# DIRECTIONS
From the first line of the records down to the one that holds "14k Gold Minimal", transcribe each line exactly and add nothing.

BEGIN

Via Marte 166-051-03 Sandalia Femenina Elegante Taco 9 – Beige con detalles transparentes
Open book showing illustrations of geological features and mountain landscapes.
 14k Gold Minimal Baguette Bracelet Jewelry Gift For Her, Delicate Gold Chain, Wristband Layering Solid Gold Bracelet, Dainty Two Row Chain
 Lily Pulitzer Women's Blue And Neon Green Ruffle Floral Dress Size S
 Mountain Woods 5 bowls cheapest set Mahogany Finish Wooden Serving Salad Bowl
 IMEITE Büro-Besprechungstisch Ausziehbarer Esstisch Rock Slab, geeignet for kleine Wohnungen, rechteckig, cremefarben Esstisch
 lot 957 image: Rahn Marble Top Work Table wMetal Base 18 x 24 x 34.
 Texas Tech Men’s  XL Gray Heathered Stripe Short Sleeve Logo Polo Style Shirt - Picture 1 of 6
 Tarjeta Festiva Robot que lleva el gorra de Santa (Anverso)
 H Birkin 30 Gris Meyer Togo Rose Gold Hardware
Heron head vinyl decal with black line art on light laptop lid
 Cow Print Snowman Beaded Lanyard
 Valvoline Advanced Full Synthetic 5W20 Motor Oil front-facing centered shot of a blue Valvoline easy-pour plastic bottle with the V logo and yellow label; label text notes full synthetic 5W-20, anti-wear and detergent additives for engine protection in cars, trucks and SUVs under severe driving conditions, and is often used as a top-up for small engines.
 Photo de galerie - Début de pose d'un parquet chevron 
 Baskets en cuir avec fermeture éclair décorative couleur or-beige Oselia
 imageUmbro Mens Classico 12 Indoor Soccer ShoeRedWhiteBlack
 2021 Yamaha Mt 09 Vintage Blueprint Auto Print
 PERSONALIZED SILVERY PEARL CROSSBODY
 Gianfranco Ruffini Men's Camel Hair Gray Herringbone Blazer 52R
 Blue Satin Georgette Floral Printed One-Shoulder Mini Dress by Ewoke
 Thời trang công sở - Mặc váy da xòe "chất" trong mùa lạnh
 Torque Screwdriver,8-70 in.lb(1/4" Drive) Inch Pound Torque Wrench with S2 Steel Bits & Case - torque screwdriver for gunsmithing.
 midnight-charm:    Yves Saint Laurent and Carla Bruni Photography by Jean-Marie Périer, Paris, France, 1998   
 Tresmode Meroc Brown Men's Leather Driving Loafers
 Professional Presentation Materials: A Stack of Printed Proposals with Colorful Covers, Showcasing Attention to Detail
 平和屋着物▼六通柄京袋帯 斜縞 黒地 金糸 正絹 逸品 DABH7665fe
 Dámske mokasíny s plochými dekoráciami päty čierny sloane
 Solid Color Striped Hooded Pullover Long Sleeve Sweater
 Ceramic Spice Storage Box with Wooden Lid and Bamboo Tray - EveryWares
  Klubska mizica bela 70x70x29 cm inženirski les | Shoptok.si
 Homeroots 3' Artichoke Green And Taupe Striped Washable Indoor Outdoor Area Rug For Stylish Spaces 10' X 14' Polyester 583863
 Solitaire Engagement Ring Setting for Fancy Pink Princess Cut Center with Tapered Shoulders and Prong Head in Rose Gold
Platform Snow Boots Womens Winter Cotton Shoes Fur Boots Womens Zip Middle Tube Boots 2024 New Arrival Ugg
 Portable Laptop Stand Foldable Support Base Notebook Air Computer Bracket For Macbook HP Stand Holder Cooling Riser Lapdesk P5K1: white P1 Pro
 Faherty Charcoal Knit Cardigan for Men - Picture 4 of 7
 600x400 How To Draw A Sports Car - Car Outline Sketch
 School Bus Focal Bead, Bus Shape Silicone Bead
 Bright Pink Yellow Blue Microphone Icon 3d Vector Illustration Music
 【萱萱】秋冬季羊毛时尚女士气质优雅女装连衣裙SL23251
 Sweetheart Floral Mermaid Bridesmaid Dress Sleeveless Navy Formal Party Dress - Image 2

END

# FINAL ANSWER
Via Marte 166-051-03 Sandalia Femenina Elegante Taco 9 – Beige con detalles transparentes
Open book showing illustrations of geological features and mountain landscapes.
 14k Gold Minimal Baguette Bracelet Jewelry Gift For Her, Delicate Gold Chain, Wristband Layering Solid Gold Bracelet, Dainty Two Row Chain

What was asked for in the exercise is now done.